* DATA TO USE
BEGIN
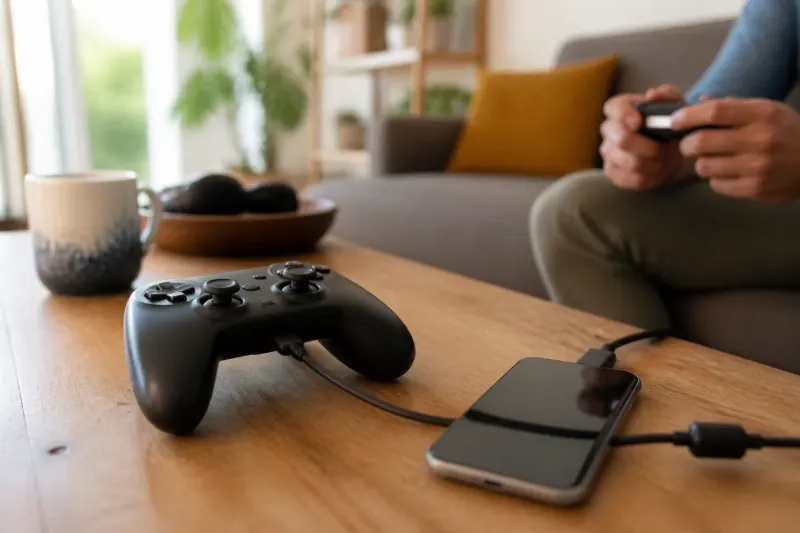 A SteelSeries Stratus+ controller alongside a smartphone displaying battery levels.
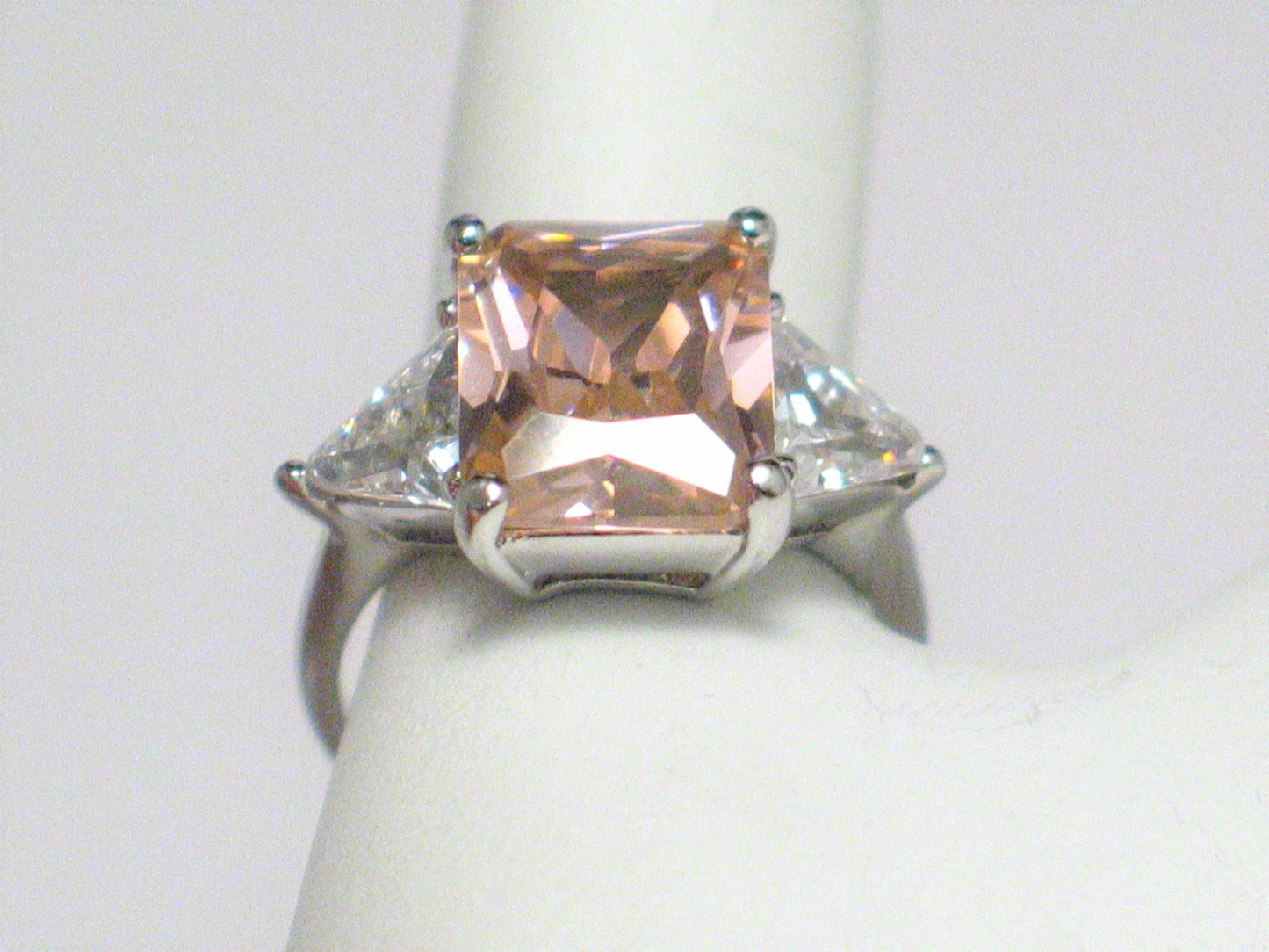 Sterling Silver Ring, Fancy Cocktail Ring, sz6 Shimmery Emerald cut Pink Ice 3 Stone Statement Ring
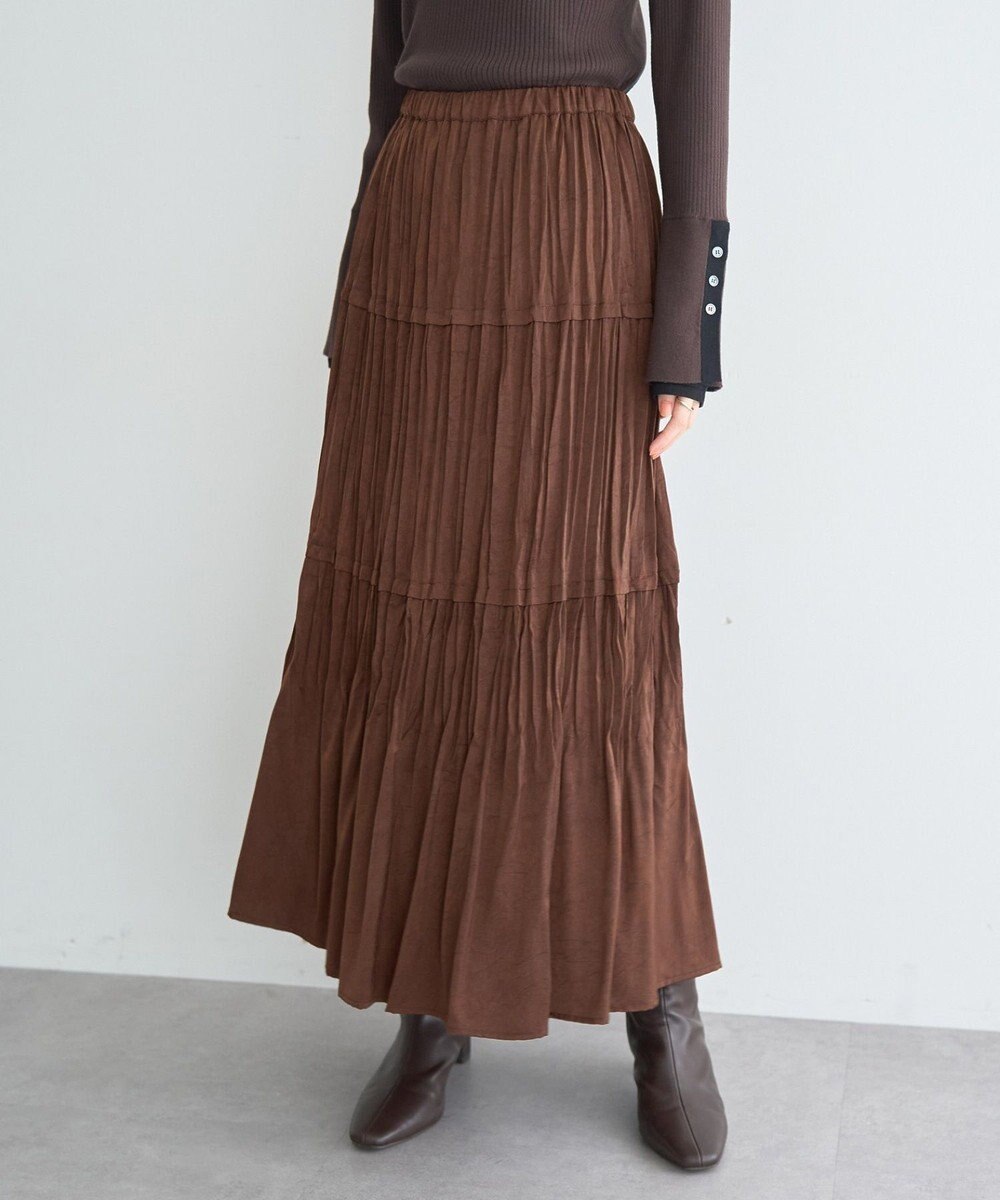 YECCA VECCA ランダムプリーツサテンマーメイドスカート 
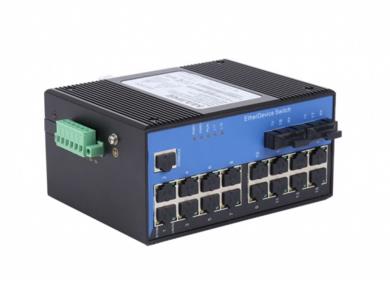 NLDK7818工业级百兆2光16电网管型导轨式以太网交换机自愈环网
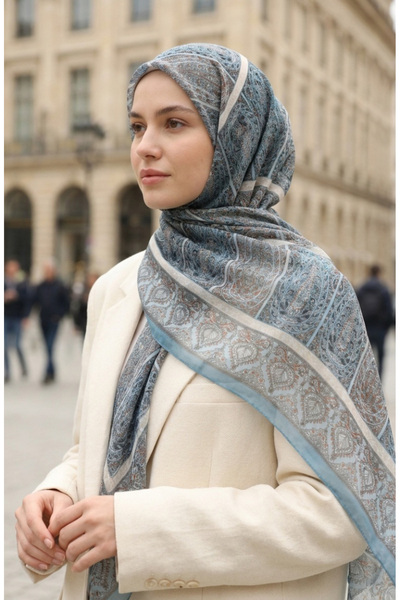 sefamerve Karaca Patterned Cotton Scarf 81091-04 Blue Tile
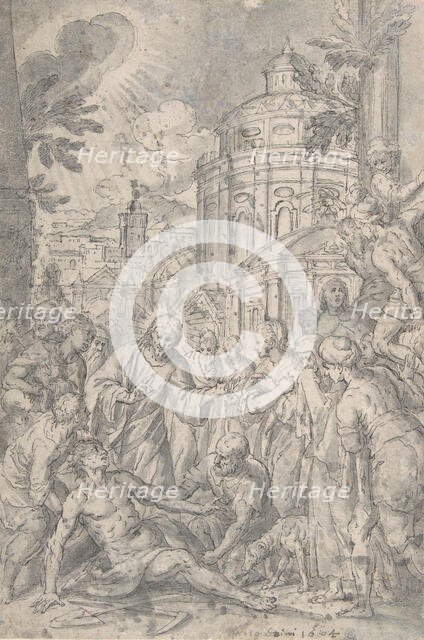 The Raising of the Youth of Naim, late 16th-early 17th century. Creator: Georg Pecham.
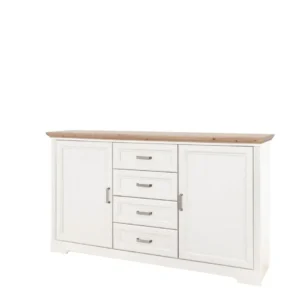 Comoda JASMIN, alb/stejar artisan, PAL, 164x41x90 cm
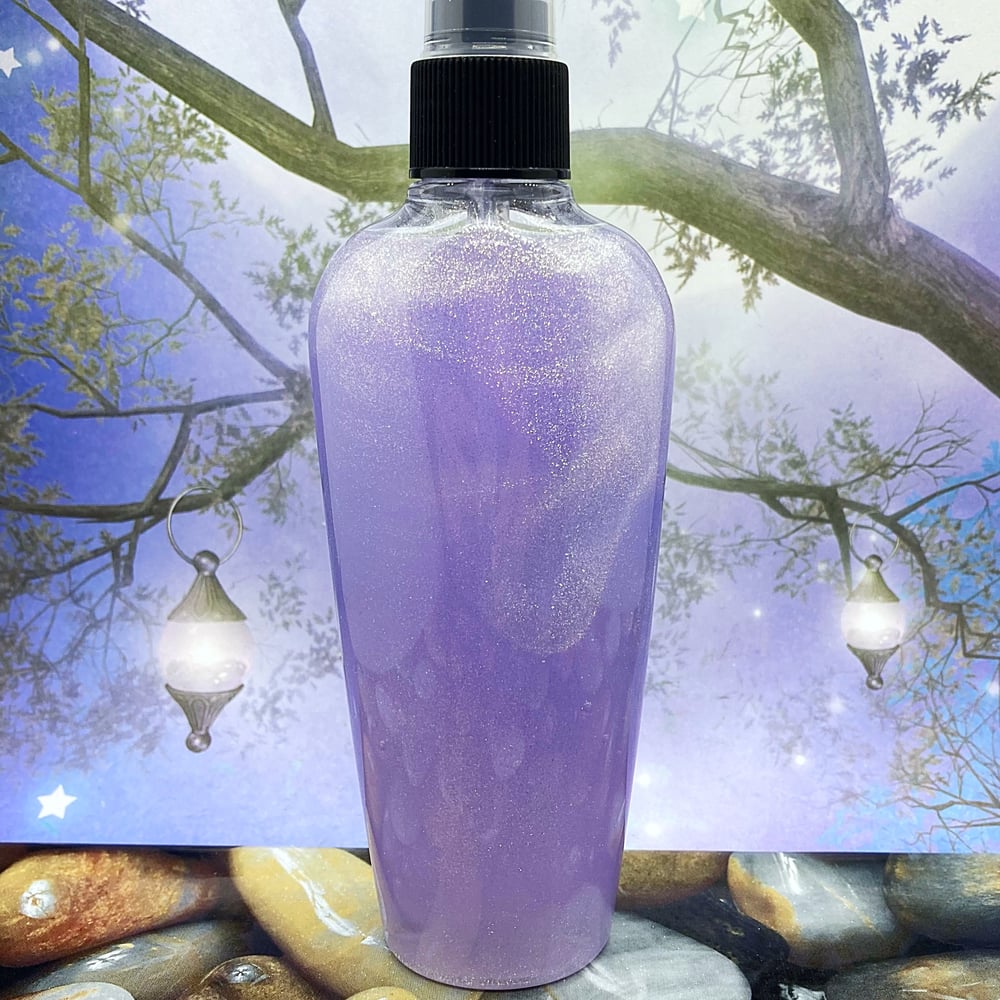 Image of Goddess Stardust Elixir Shimmer Spray. Jasmine, Peach, Gardenia.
END
Copy exactly the lines that run from the line containing "Sterling Silver Ring, Fancy" to the end of the data above, keeping both end lines and leaving out all pictures.

* EXERCISE OUTPUT
 Sterling Silver Ring, Fancy Cocktail Ring, sz6 Shimmery Emerald cut Pink Ice 3 Stone Statement Ring
 YECCA VECCA ランダムプリーツサテンマーメイドスカート 
 NLDK7818工业级百兆2光16电网管型导轨式以太网交换机自愈环网
 sefamerve Karaca Patterned Cotton Scarf 81091-04 Blue Tile
 The Raising of the Youth of Naim, late 16th-early 17th century. Creator: Georg Pecham.
 Comoda JASMIN, alb/stejar artisan, PAL, 164x41x90 cm
 Image of Goddess Stardust Elixir Shimmer Spray. Jasmine, Peach, Gardenia.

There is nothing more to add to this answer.